I'm sure this kind of work is something that a portion of people would enjoy,
but it's a niche to find creative fulfillment from such things, and often the
reproduction artist will _still_ modify it based on their skill level and
taste.

Doing it for the money is not my issue. Doing the same thing over and over
again with the same skillset, without growing in creative expression, is the
issue I have.

------
amalag
We visited Bali and they have some beautiful paintings there. There are so
many artists there. With a little training they could produce some outstanding
original art but instead they are painting a lot of similar tourist friendly
crap. It probably needs some capitalist with vision to make a real artistic
hub.

Such beautiful places are where tourists want to go and they can naturally
pick up some artwork while they are there. Instead they get the same touristy
crap.

------
dis-sys
> In 2012, the median income of professional artists with art degrees in New
> York City was $25,000. In 2015, the chance that an artist living in the U.S.
> would receive a solo exhibition at MoMA was 0.0006%.

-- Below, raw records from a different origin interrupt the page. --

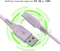 imoshion Kabel - USB C naar USB A Kabel - 2 meter - USB-C Oplader Kabel - Geschikt voor o.a. Apple iPhone 15/16 en Samsung - Lila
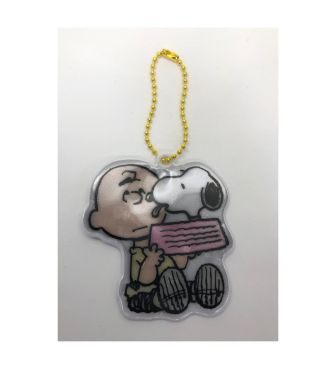 リフレクターキーホルダー スヌーピー&チャーリーブラウン USHI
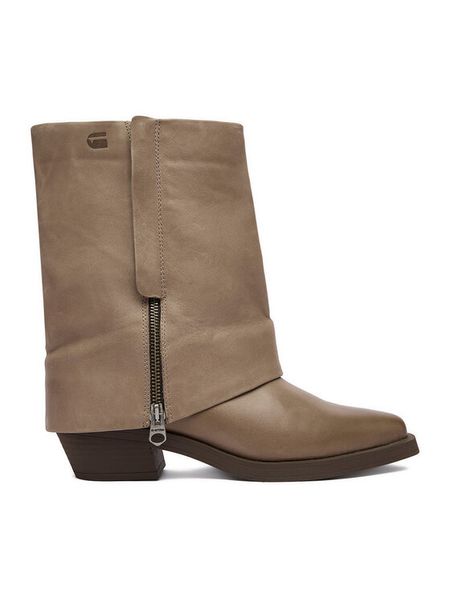 G-Star Raw Botki EO-YAGMUR-25FW30 Beżowy. Brązowe botki G-Star Raw, bez wzorów, ze skóry, bez obcasa, na słupku, bez zapięcia. Za 499.99 zł.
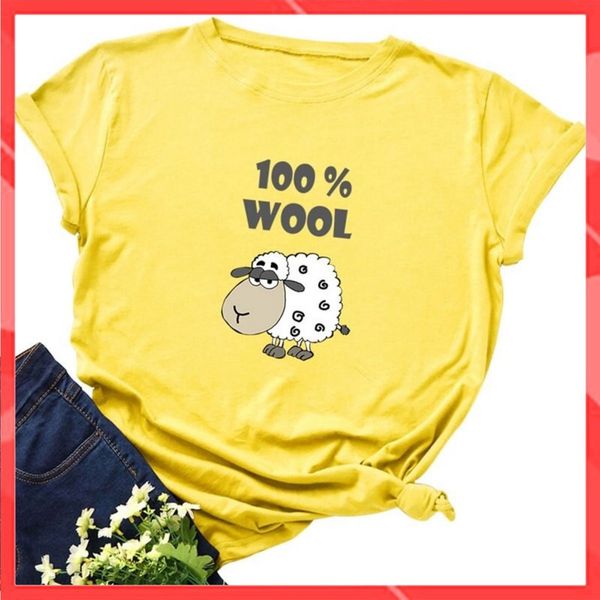 Áo thun phông nam nữ form rộng Familylove - Mẫu áo Unisex Chú Cừu 100& WOOL chất Cotton 100% cao cấp
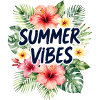 Summer Vibes Tropical Blossoms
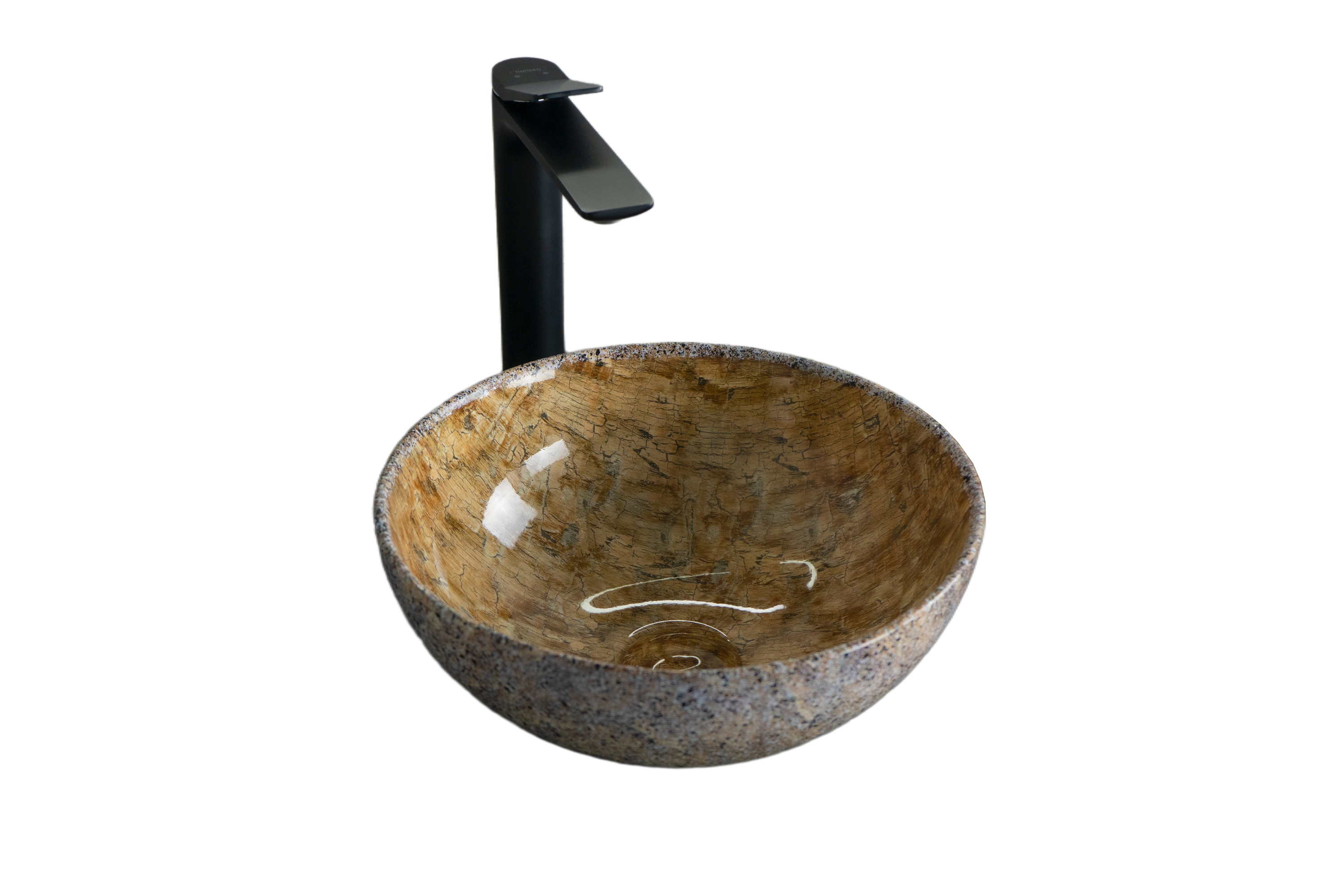 Раковина Gid Mnc489 54437 накладная под камень глянцевая 32x32x14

[https://www.artsy.net/article/artsy-editorial-driving-
artist...](https://www.artsy.net/article/artsy-editorial-driving-artists-
professional)

same problem, slightly different extent

------
j_s
Interesting to see which discussions hit the big-time, and their follow-ups.

[https://hn.algolia.com/?query=instapainting&sort=byDate&type...](https://hn.algolia.com/?query=instapainting&sort=byDate&type=comment)